The two leading causes of puppy death after live birth are chilling, and a lack of fluids and energy. Puppies that are not nursing with enthusiasm, cold to the touch, or constantly complaining need your help. Warm them to 98-100° F rectally, and provide the necessary food. Ask your veterinarian for advice, but be prepared for these things weeks in advance. Soon after birth, the puppies should be examined by a veterinarian. If tail docking and/or dewclaw removal is desired, this should be done before the pups are about 3-5 days old.
The room temperature where puppies are housed should be no less than 70° F and cold floors should be avoided to prevent chilling. Clip the puppies' nails as they become sharp to prevent them from hurting the mother during nursing. A puppy's eyes should open 10-14 days after birth. As the puppies begin to explore their new environment, a mixture of dog food intended for puppy growth and water or milk can be given to assist weaning. Cow's milk can be used unless it makes the puppies sick.
Behavioral adaptation is as important as physical health in puppies. It is best to handle the puppies as little as possible during their first 3-4 weeks of life. After about 4 weeks, you can assist each pup's positive socialization toward people by cradling each puppy in your arms for about a minute twice a day. Do not handle them too much or permit rough handling by anyone, especially children.
Establish regular feeding schedules and take the pups outside or to a specific toilet area when they wake up and after each feeding - this will help facilitate house-training later on. Do not scold them for mistakes but praise and pet the puppies when they urinate or defecate in the correct place.
At 6-8 weeks of age, a stool sample should be checked by a veterinarian for internal parasites. At the same time, the puppies should be vaccinated for canine distemper, hepatitis, leptospirosis, and parvovirus. These vaccinations should be considered at an earlier age if the puppies are not able to nurse from their mother. A rabies vaccination can be given at 3 months of age and older.
Under normal conditions, weaning will occur naturally around 5-6 weeks after birth. The puppies will become more independent, and the mother will react negatively to the sharp teeth and nails of her puppies.
To help the puppies make a smooth transition at this time to life without their mother, separate the mother and pups for an increasing length of time each day until they are together only at night. The mother's food intake should be reduced to help her produce less milk.
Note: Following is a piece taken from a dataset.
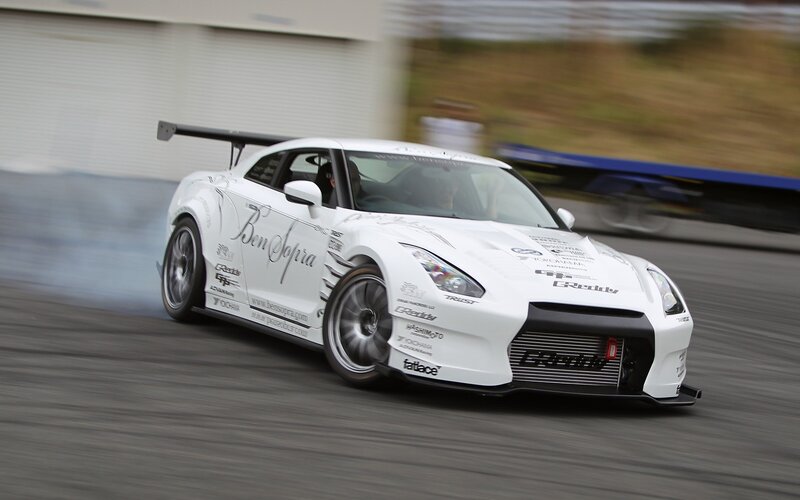 white drift car in motion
Gradually replace the puppies' liquid food with a well-balanced commercial puppy food that is intended for feeding during growth. Feed the puppies 3-5 times a day. The whole weaning process should take about 1 week.
If the mother dog continues to produce milk after weaning, her breasts could become engorged and painful. Hot towels and a gentle massage can help reduce the congestion. Complete withdrawal of all food and water for 24 hours often works well. Consult your veterinarian If milk production continues after weaning has been completed.
One of the primary killers of newborn puppies is the lack of adequate warmth. The mother's natural body heat must be replaced in her absence. Incubators, 60-watt infrared heat bulbs, heating pads or hot water bottles can be used as a heat source. It is estimated that puppies need a constant temperature of 85-90°F the first week of life, 80°F the second week, 75°F the third and fourth weeks, and 70°F thereafter. Incubators with thermostats are most efficient but expensive. The other heat alternatives should warm only half of the available space so the puppies can choose the temperature best suited to their needs. Be sure to cover any heating pad or hot water bottle with towels, newspapers, or disposable diapers to prevent burning the puppies' delicate skin.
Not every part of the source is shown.